Deuxième visite de Stephen Harper au Québec, hier, depuis qu'il est premier ministre. De passage à Montréal, il a de nouveau vanté les mérites du fédéralisme d'ouverture qu'il prône envers le Québec, ouverture dont le degré demeure toujours à définir.
Sympathique envers le Québec, le premier ministre conservateur l'est, il n'y a pas de doute. Qu'il le soit par conviction ou par opportunisme électoral demeure sujet à débat, mais il faut tout de même reconnaître que son attitude tranche avec celle de ses prédécesseurs libéraux. Le fait qu'il commence presque toutes ses interventions en français illustre le respect qu'il porte à l'équilibre des langues officielles au Canada.
Tout appréciée que soit la francophilie de M. Harper, l'ouverture promise envers le Québec ne saurait demeurer crédible aux yeux des Québécois s'il n'arrive pas à la concrétiser rapidement dans des propositions qui soient plus que des slogans électoraux. En ce sens, le discours prononcé à la Chambre de commerce de Montréal hier était décevant. Il ne nous aura rien appris de plus que ce qu'il avait exposé en campagne électorale. Certes, son gouvernement n'ayant pas encore trois mois, on peut l'excuser. On serait toutefois en droit de s'attendre à ce qu'il élabore, dans son prochain budget, sur la façon dont il entend enrayer le déséquilibre fiscal, comme il s'y est engagé.

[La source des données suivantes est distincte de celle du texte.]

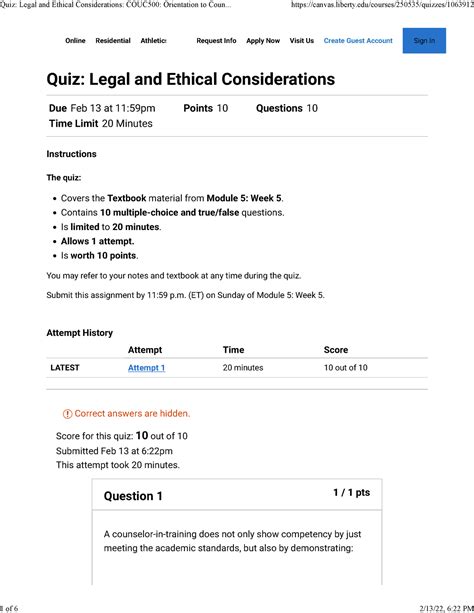 Quiz Legal And Ethical Considerations Studocu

L'intention qui anime Stephen Harper est simple. En instaurant une pratique du fédéralisme respectueuse des compétences respectives des deux ordres de gouvernement qu'on trouve au Canada, il veut briser la polarisation qui, au Québec, oppose fédéralistes et souverainistes. On peut le croire sincère puisque cela a toujours fait partie du credo conservateur. Lorsqu'il était premier ministre, Brian Mulroney avait réussi à détendre l'atmosphère en professant ce même type d'ouverture à l'égard des provinces en général et du Québec en particulier sans pour autant réussir à imposer durablement un nouveau mode de relations entre Ottawa et les provinces.
Les propositions que M. Harper met en avant permettront, dans la mesure où elles se réalisent, de créer un climat de collaboration plutôt que d'affrontement. La promesse la plus rapide à réaliser sera celle portant sur la participation du Québec aux délibérations de l'UNESCO. Une entente sur cette question, même si elle n'aura vraisemblablement pas l'ampleur souhaitée par le Québec, permettra à son gouvernement d'illustrer sa volonté de changer les choses.
Pour que les pratiques du fédéralisme canadien «changent pour vrai», comme le disait son slogan de campagne électorale, Stephen Harper devra non pas les changer mais les transformer durablement. Il n'y parviendra pas s'il ne s'attaque pas à la source même des tensions qui perdurent entre les deux ordres de gouvernement. Celles-ci proviennent du pouvoir de dépenser attribué à Ottawa par la Constitution et qui, selon ses propres mots, «est une menace sérieuse pour l'avenir de notre fédération».
Sans minimiser l'importance de la question du déséquilibre fiscal, c'est en limitant ce pouvoir de dépenser que le gouvernement conservateur pourrait empêcher qu'un «fédéralisme dominateur» refasse surface. La seule façon sûre d'y arriver serait par un amendement constitutionnel, ce qui n'est pas à portée de main aujourd'hui. S'il est sérieux, Stephen Harper devrait imposer à son gouvernement un encadrement de ce pouvoir de dépenser par une loi inspirée de feu l'accord du Lac-Meech, qui abordait cette question. Ce serait passer véritablement de la parole aux actes.